As such, $X(t)$ does not have a PDF but has a PMF (probability mass function), unless of course you like to use impulses and define what are called discrete density functions to incorporate both notions into one.

The only question remaining is what is the parameter $p$ (the probability that $X(t)$ equals $1$) of this Bernoulli random variable, and the value of $p$ depends on what value we assume for $t$. That is, the answer is not something like $p = 0.3$ but rather a multi-line equation like $$p(t) = \begin{cases}\cdots & \text{if}~ t\in \cdots,\\ \cdots & \text{if}~t\in \cdots,\\ 0, &\text{otherwise.} \end{cases}$$ To figure out the details, note that $\operatorname{rect}(\cdot)$ has value $1$ exactly when its argument has value $\leq \frac 12$. Thus, as a function of $t$, $\operatorname{rect}\left(\frac{t-T_0}{T}\right)$ has value $1$ exactly when $$T_0-\frac 12T \leq t \leq T_0+\frac 12T.$$ "Wait a minute", you splutter, "Didn't you say that $t$ had a fixed value such as $0.313$? What's all this about as a function of $t$??? $t$ is not a variable; it is a fixed value" Well, we need to turn the thing around a bit.
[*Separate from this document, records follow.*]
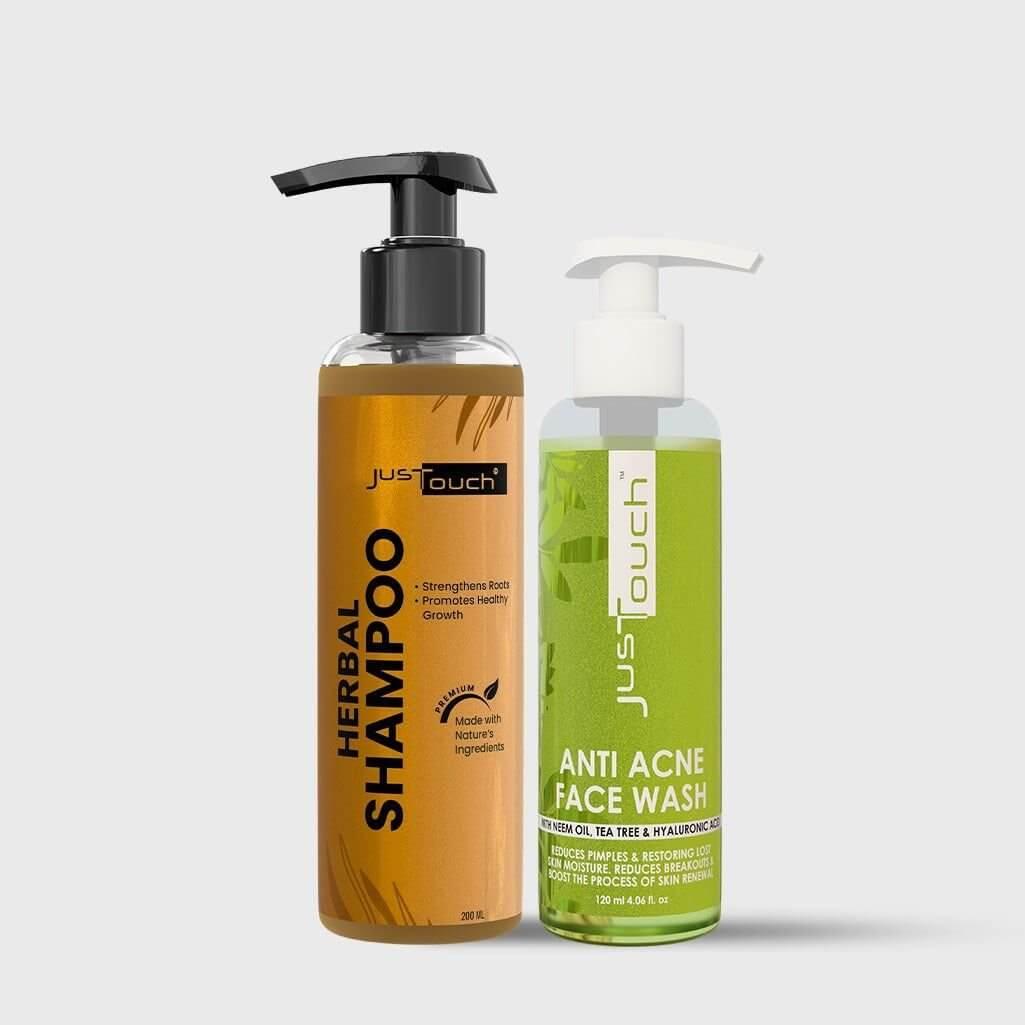 JusTouch Herbal Acne Care Duo | Anti-Acne Face Wash + Herbal Shampoo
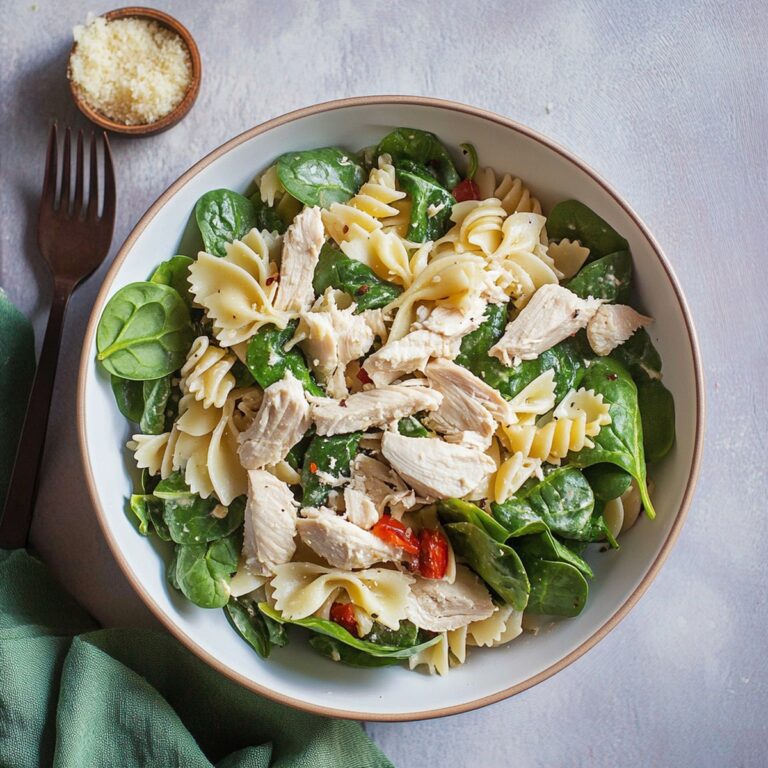 Cold Chicken Spinach Pasta Salad Recipe
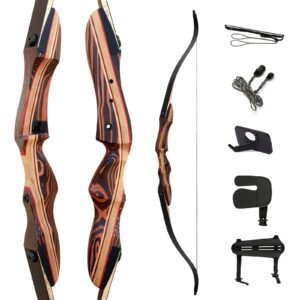 deerseeker archery 62" takedown recurve bow set for adults & youth with right hand & left handed laminated wooden riser bow hunting target shooting 20-60lbs（rh 50lb）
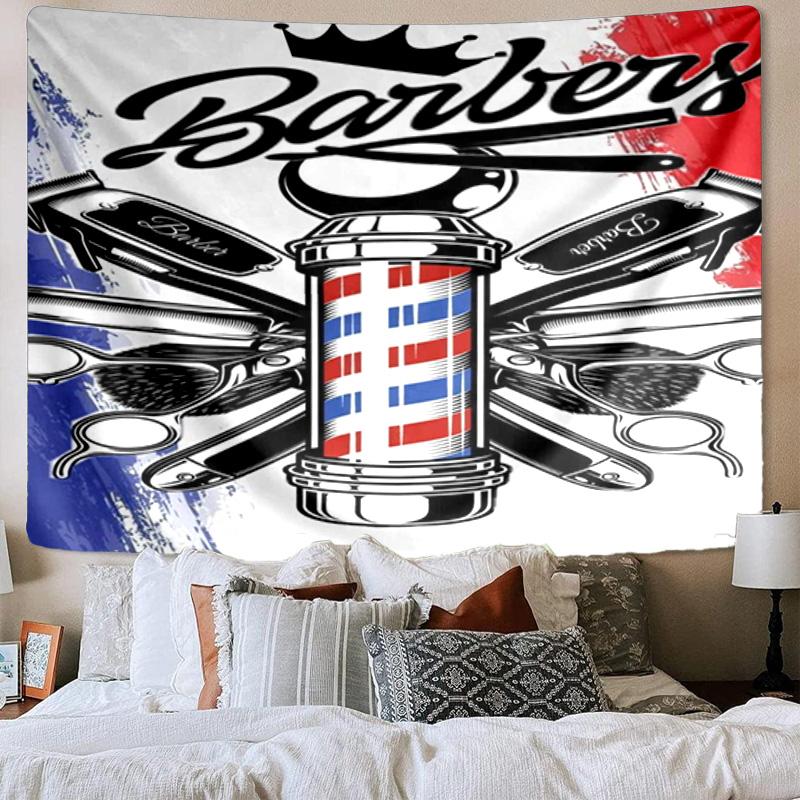 Barber Shop Pole Artwork Printed Tapestry, Wall Hanging,Livingroom, dormitory, Large Wall Decor, Fabric Decor Fan Birthday Gifts
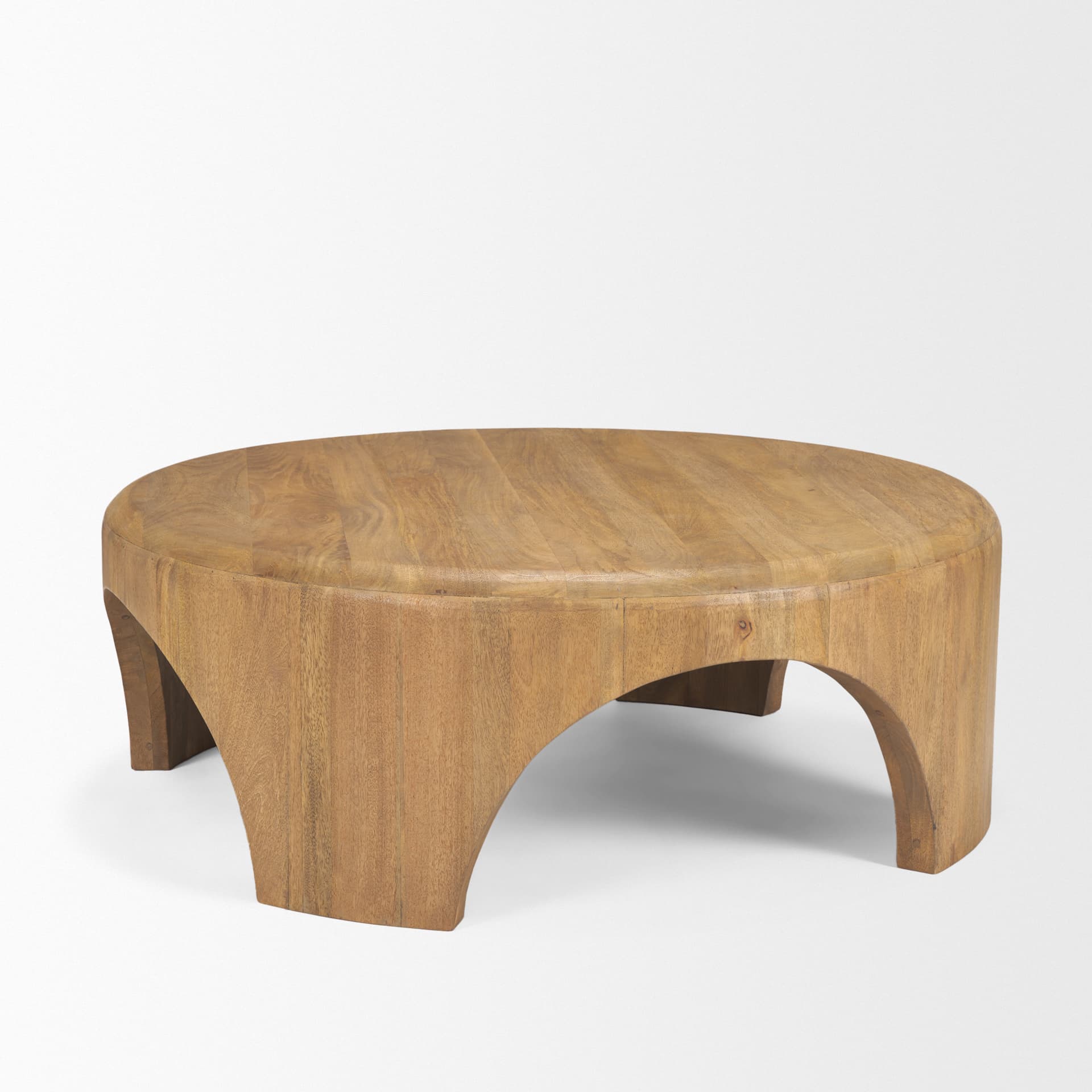 Shima Round Light Brown Wood W/Arched Legs Coffee Table — product photograph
Notice that for a fixed value of $t$ (happy now?) $X(t)$ has value $1$ if and only if $T_0$ is such that $$t - \frac 12T \leq T_0 \leq t+\frac12T,$$ that is, for the chosen fixed value of $t$, and keeping in mind that $T_0 \in [-T, T]$ \begin{align} P\{X(t) = 1\} = p(t) &= P\left(t - \frac 12T \leq T_0 \leq t+\frac12T\right)\\ &= P\left(T_0 \in \left(\left[t- \frac 12T, t+ \frac 12T\right]\cap \big[-T,T\big]\right)\right) \end{align} That intersection on the right depends on what we have chosen $t$ to be, and so we consider various cases. For brevity, denote the interval $\left[t- \frac 12T, t+ \frac 12T\right]$ as $\mathcal A$ and the interval $[-T.T]$ as $\mathcal B$

• If $\color{blue}{t < -\frac{3T}{2}}$, then $t+\frac 12T < -T$ and so the right end of the interval $\mathcal A$ is smaller than the left end of $\mathcal B$ and so $\mathcal A \cap \mathcal B = \emptyset$. We get that $p(t) = 0$ for $t \leq -\frac{3T}{2}$. Similarly, for $t > \frac{3T}{2}$, the left end $t-\frac 12T$ exceeds $T$, the right end of $\mathcal B$. So

  $p(t) = 0$ if $|t| > \frac{3T}{2}$.

• If $\color{blue}{-\frac{3T}{2} \leq t < -\frac T2}$, then the right end $t+\frac T2$ is in $[-T,0]$ but the left end $t-\frac T2$ is smaller than $-T$, that is, $\mathcal A \cap \mathcal B = \left[-T, t+\frac T2\right]$. Since $T_0 \sim U[-T,T]$, we get that $p(t) = \frac{1}{2T}\times \left(t+\frac T2 - (-T)\right) = \frac{1}{2T}\times \left(t+\frac {3T}{2}\right)$. Note that $p(t)$ increases from $0$ at $t=\frac{3T}{2}$ to $\frac 12$ as $t$ approaches $-\frac T2$. Similarly, for $\frac T2 < t \leq \frac {3T}{2}$, $p(t)$ decreases from $\frac 12$ to $0$ linearly. We have that

  $p(t) = \frac{1}{2T}\times \left(\frac {3T}{2} - |t|\right)$ if $\frac T2 < t \leq \frac{3T}{2}$

• If $\color{blue}{|t| \leq \frac{T}{2}}$, then both the left end $t-\frac T2$ and the right end $t+\frac T2$ of $\mathcal A$ are in $\mathcal B$, and so

  $p(t) = \frac 12$ if $|t| \leq \frac{T}{2}$.

The process in question is not what is called a stationary process and it does not have a PDF (or PMF) but rather a whole bunch of different PDFs (or PMFs), one for each time instant $t$. Read the first part of this answer to learn a little more about these ideas.